-- Description of the task --
Only one portion of the data is to be written out: from the line bearing "محرك جي دي اي" through the line bearing "Certified 2023 Ford". Write it exactly as it appears.

(Data entries)
====================
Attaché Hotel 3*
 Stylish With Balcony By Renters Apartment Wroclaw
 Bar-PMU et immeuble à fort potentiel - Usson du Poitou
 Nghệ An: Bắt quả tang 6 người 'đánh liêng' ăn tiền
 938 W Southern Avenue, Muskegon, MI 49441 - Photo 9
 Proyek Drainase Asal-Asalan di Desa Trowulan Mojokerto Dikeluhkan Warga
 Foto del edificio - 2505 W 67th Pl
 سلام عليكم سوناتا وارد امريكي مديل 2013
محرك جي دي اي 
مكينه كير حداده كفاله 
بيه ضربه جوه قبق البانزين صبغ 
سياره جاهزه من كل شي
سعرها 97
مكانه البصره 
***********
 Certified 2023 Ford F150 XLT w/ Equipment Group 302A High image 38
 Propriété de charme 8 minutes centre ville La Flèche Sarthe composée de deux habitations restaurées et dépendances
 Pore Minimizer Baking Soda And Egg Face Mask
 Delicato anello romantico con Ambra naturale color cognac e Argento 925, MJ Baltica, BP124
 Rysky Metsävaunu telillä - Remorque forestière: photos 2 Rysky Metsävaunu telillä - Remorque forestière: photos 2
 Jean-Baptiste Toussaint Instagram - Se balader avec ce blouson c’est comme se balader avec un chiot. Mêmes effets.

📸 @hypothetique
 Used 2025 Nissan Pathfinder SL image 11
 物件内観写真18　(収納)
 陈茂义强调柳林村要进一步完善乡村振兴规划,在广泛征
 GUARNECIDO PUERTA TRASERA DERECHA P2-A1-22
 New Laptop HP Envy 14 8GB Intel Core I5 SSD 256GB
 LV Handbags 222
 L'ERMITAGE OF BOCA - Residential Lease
====================
-- Written solution --
محرك جي دي اي 
مكينه كير حداده كفاله 
بيه ضربه جوه قبق البانزين صبغ 
سياره جاهزه من كل شي
سعرها 97
مكانه البصره 
***********
 Certified 2023 Ford F150 XLT w/ Equipment Group 302A High image 38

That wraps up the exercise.